## Collected material
□ □ □ □ □ □ □
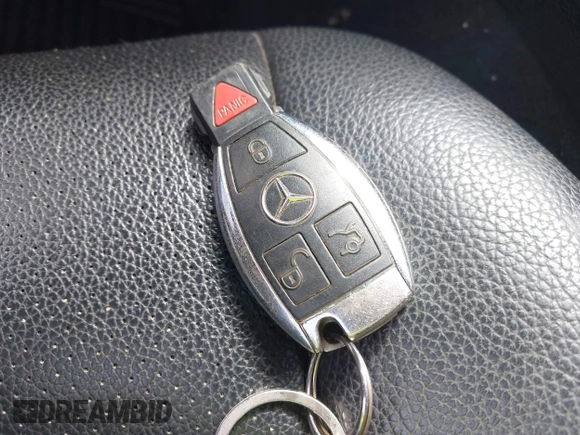 2011 Mercedes-Benz C 300 Sport z VIN WDDGF8BB0BR187349, wystawiony jako IAAI lot #42099019 z przebiegiem 152 338 mil mil oraz . Historia ofert i sprzedaży dostępna na DreamBid. Obrazek 11.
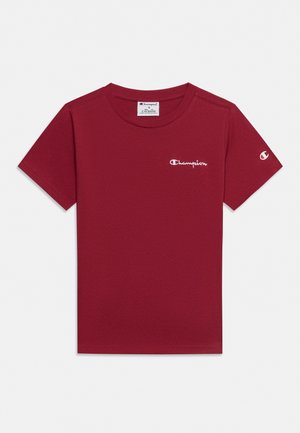 T-shirt Champion manches courtes couleur bordeaux avec logo blanc sur la poitrine et la manche, col rond et étiquette de taille à l'intérieur du col.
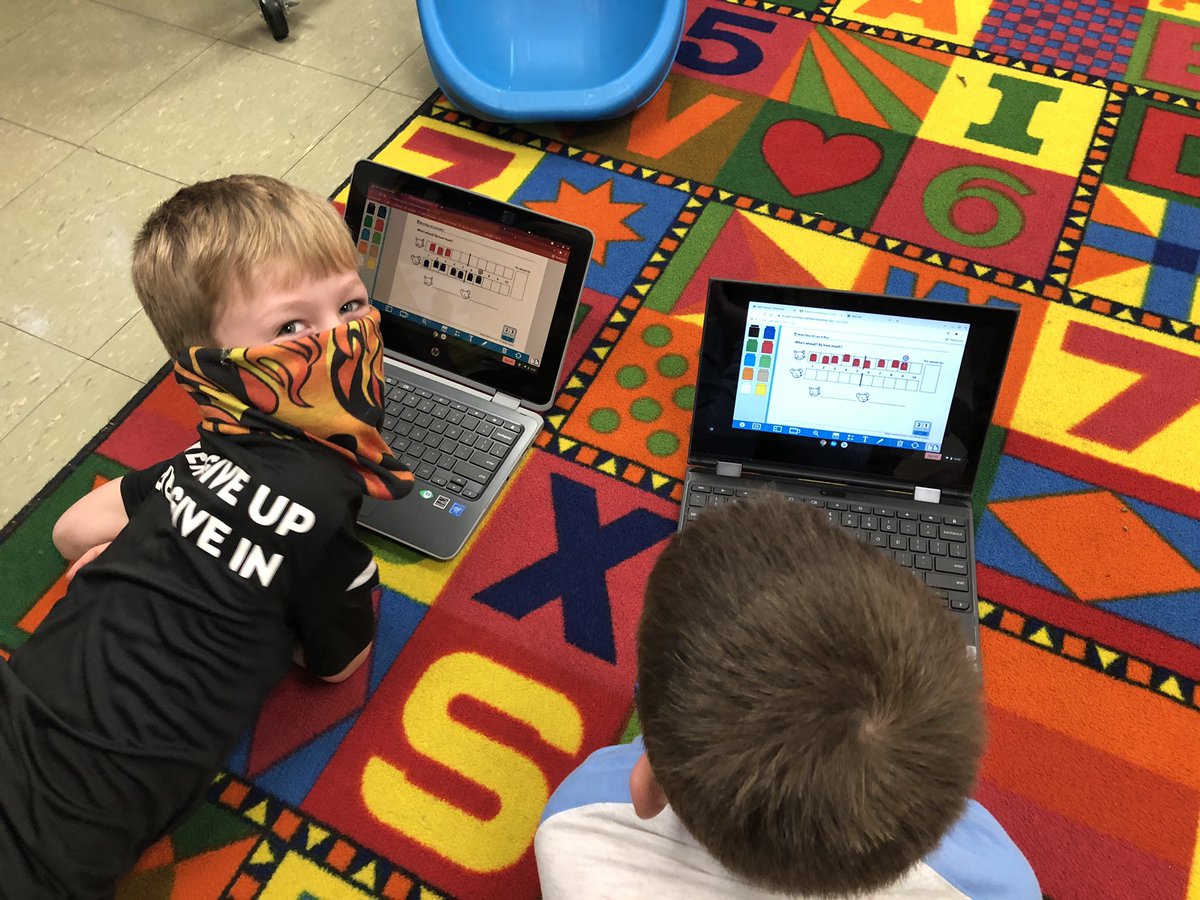 1st graders work with a partner to play a digital math game! #workplaces#bridges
□ □ □ □ □ □ □
## Exercise requirements
All lines of the listing must be given again exactly, excluding the pictures.

## Solved problem
 2011 Mercedes-Benz C 300 Sport z VIN WDDGF8BB0BR187349, wystawiony jako IAAI lot #42099019 z przebiegiem 152 338 mil mil oraz . Historia ofert i sprzedaży dostępna na DreamBid. Obrazek 11.
 T-shirt Champion manches courtes couleur bordeaux avec logo blanc sur la poitrine et la manche, col rond et étiquette de taille à l'intérieur du col.
 1st graders work with a partner to play a digital math game! #workplaces#bridges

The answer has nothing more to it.